Manifest “question-begging” fallacy

You think SETI is searching for messages from non-physical aliens? How would it even be possible for us to detect a message from an intelligence that had no physical form?

But not for lack of trying. We have no experience of humans doing these things only because such a feat is far, far, far too advanced for even our intelligence. Hence why it seems more reasonable to me to postulate a source with greater intelligence than ours, over against a process with no intelligence.

One last thought, since you mentioned it I had to toss this in…

During a submarine ride a few years back, I noticed on all the scopes that there were no ships of any kind anywhere we were able to detect. But the “active intercept” (the devices that determine if we have been “pinged” by active sonar) was gong crazy… I inquired to the sonar operator if we were picking up pings from a ship that was far away, he clarified that no, we were being pinged by dolphins. Their biological machinery uses essentially the same technology that our machinery does. Only they do it far better; their active sonar transmitter, receiving array, and processing computers are far more sophisticated and give exponentially greater accuracy and speed than anything we’ve invented or could even conceive of at this point.

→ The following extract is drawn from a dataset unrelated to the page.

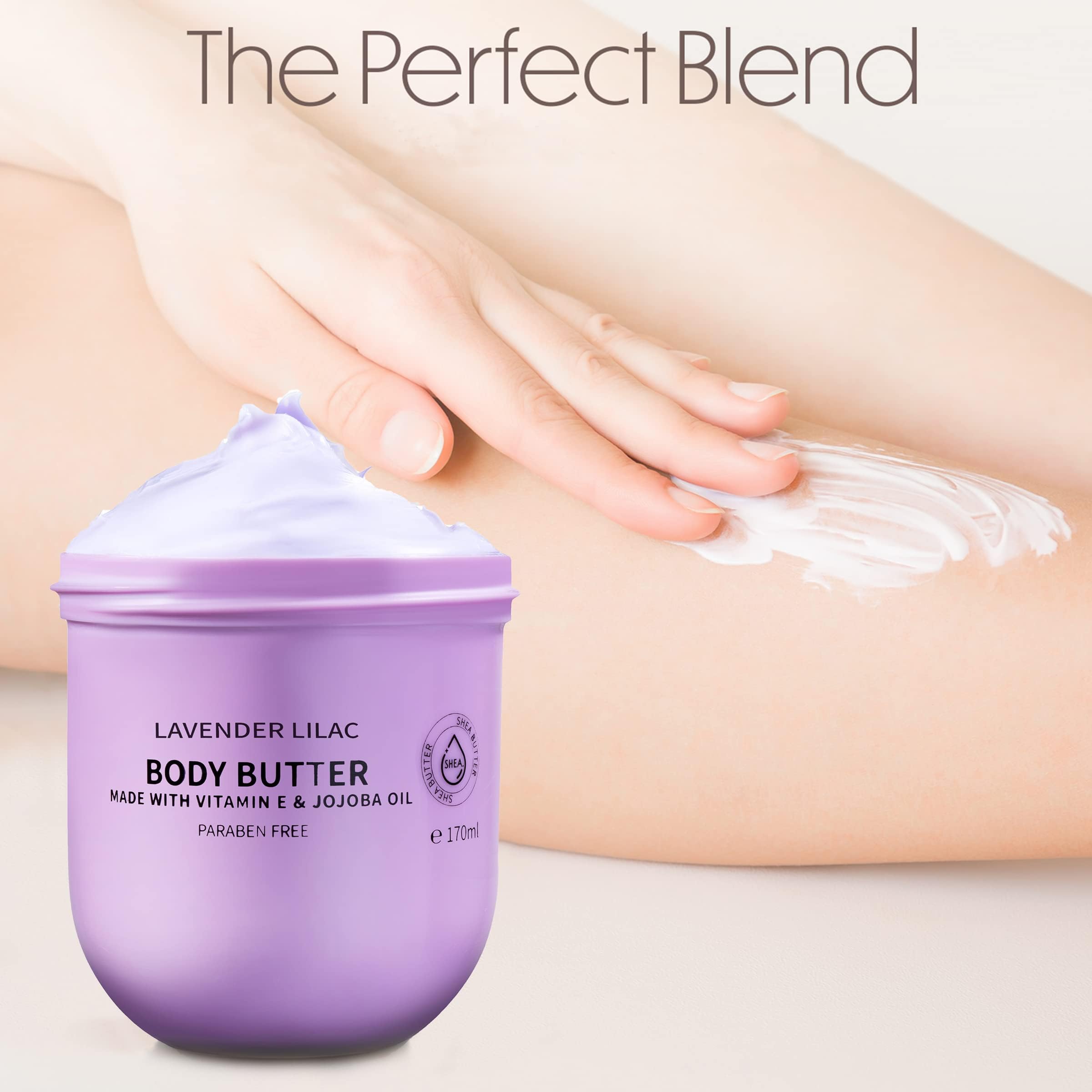 Lavender Lilac Body Butter - Shea Cream with Jojoba Oil & Vitamin E - Hydrating Natural Moisturizer for Dry Hands, Feet & Elbows - 5.74 Fl Oz - Perfect for Daily Skincare Routine & Spa Night Self-Care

I won’t argue semantics of “machines,” but I am constantly amazed at how much more sophisticated living things are than anything we have invented, especially when we’re comparing uses of the same technology. Hence why it seems so odd to me to postulate decreasing requirement of intelligence as the level of sophistication increases.

(You need to watch more “Star Trek”! :slight_smile: non-corporeal beings made of pure energy show up it seems in nearly every fourth episode…)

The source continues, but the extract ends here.